■ **Instructions for the task**
Below is a listing to repeat exactly, with its pictures left out.

_ _ _ _ _

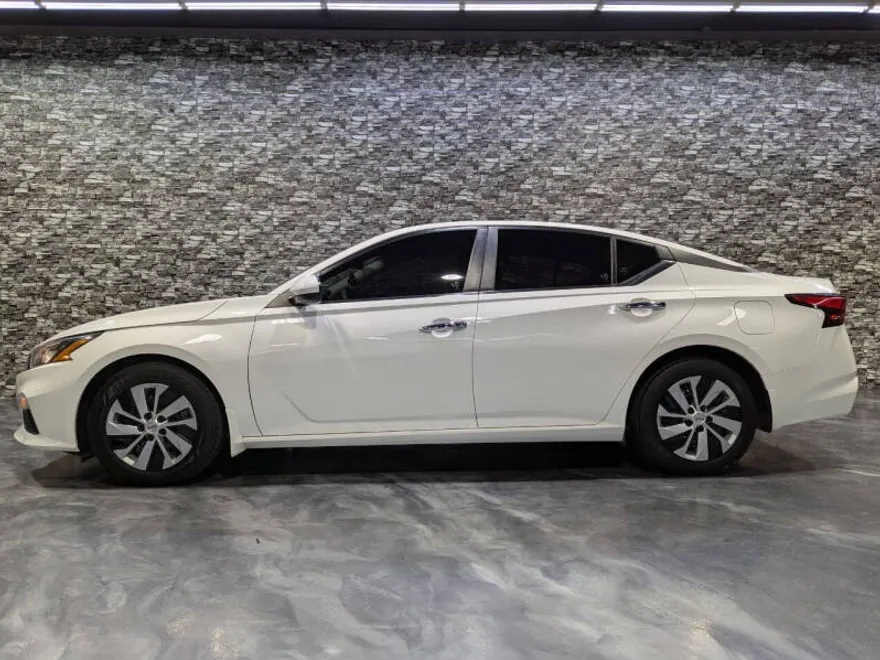 2021 Nissan Altima 2.5 S photo 1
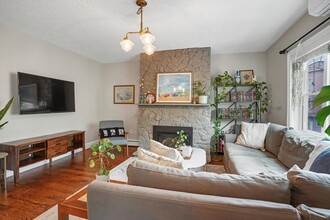 137 Princeton St, Unit 2 in Boston, MA - Building Photo - Building Photo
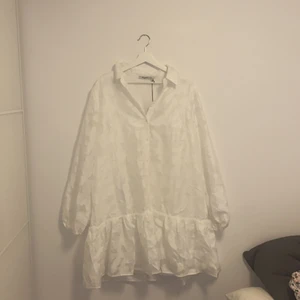 Studentklänning från nakd - Så fin klänning från nakd peefekt inför studenten. Priset kan diskuteras vid intresse. Önskas fler bilder, kontakta mig💕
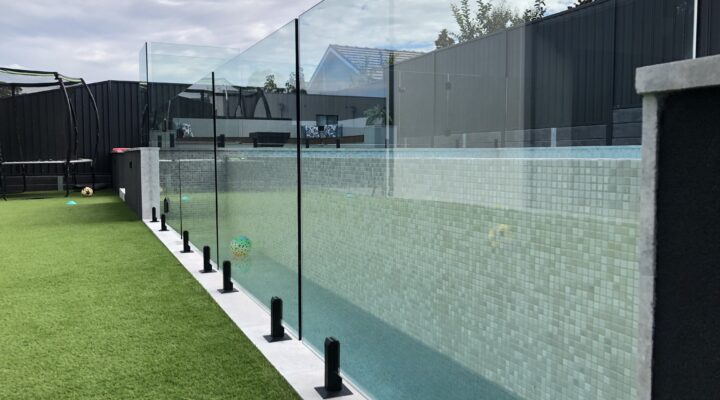 pool-fences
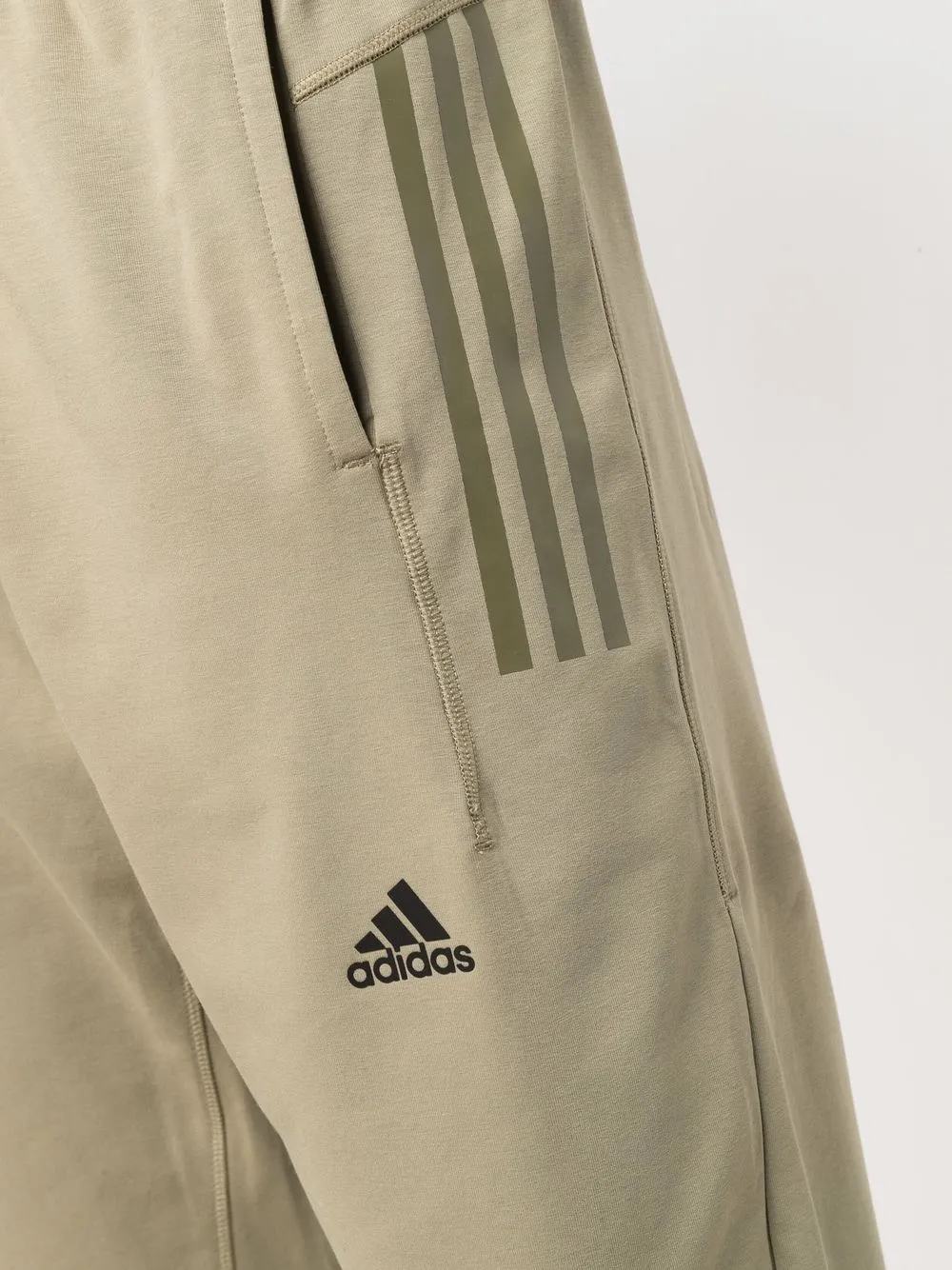 фото Adidas спортивные брюки с логотипом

_ _ _ _ _

■ **Finished exercise**
 2021 Nissan Altima 2.5 S photo 1
 137 Princeton St, Unit 2 in Boston, MA - Building Photo - Building Photo
 Studentklänning från nakd - Så fin klänning från nakd peefekt inför studenten. Priset kan diskuteras vid intresse. Önskas fler bilder, kontakta mig💕
 pool-fences
 фото Adidas спортивные брюки с логотипом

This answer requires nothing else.